Your objective :: Use the entries below and reproduce exactly the lines from the one containing "Sisterhood, woman rights, girl" down to the one containing "Christmas Gingerbread Cookie", both of them included.

Data extract ::
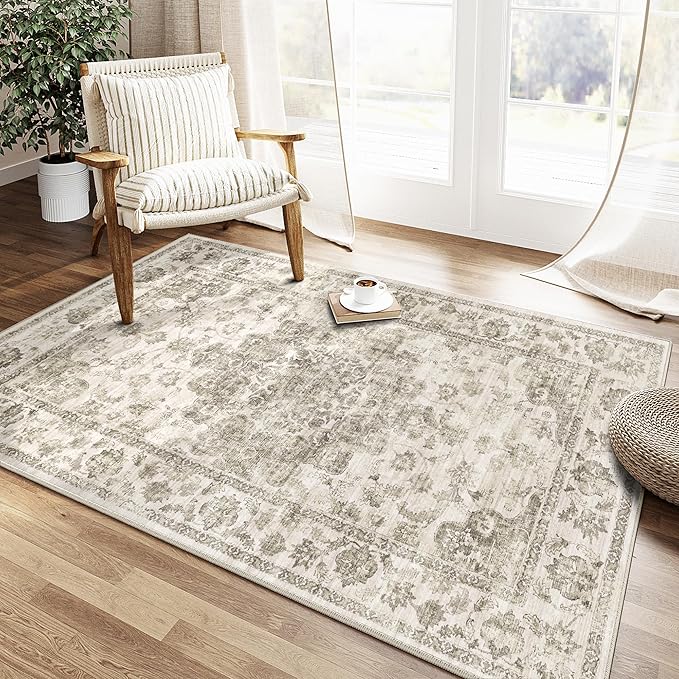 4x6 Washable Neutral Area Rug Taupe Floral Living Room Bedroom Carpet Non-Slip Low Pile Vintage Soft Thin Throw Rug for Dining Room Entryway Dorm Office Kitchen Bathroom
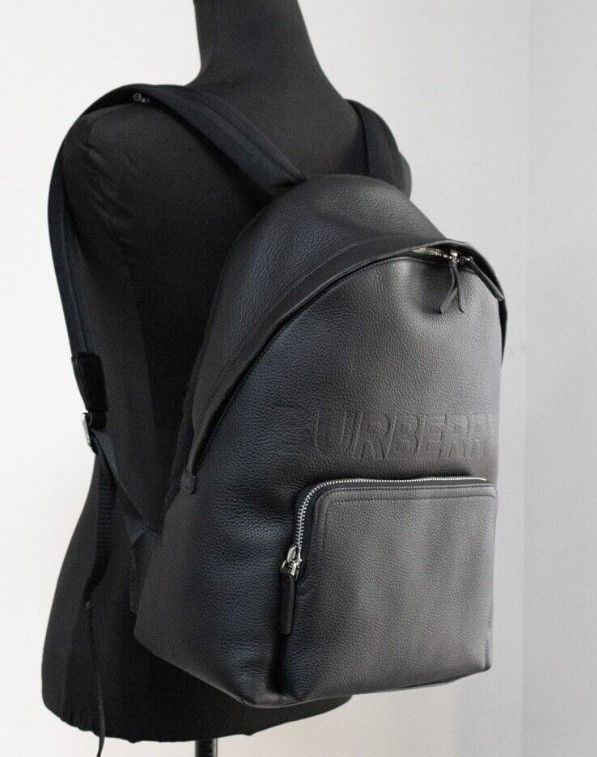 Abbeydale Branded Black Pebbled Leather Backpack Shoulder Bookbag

* * *

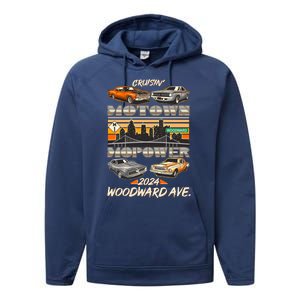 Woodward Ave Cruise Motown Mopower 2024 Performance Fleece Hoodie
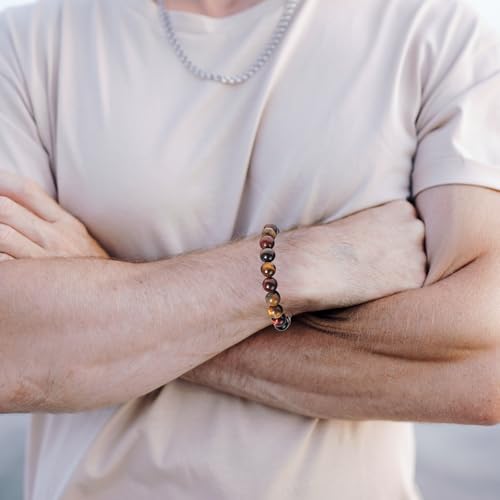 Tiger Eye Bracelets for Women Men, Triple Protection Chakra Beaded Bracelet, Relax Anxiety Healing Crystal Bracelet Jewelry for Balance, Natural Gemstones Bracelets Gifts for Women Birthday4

---

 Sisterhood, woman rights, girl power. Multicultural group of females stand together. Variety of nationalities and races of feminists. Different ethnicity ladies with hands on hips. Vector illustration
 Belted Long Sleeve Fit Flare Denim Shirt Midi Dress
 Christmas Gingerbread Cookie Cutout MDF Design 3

Finished exercise ::
 Sisterhood, woman rights, girl power. Multicultural group of females stand together. Variety of nationalities and races of feminists. Different ethnicity ladies with hands on hips. Vector illustration
 Belted Long Sleeve Fit Flare Denim Shirt Midi Dress
 Christmas Gingerbread Cookie Cutout MDF Design 3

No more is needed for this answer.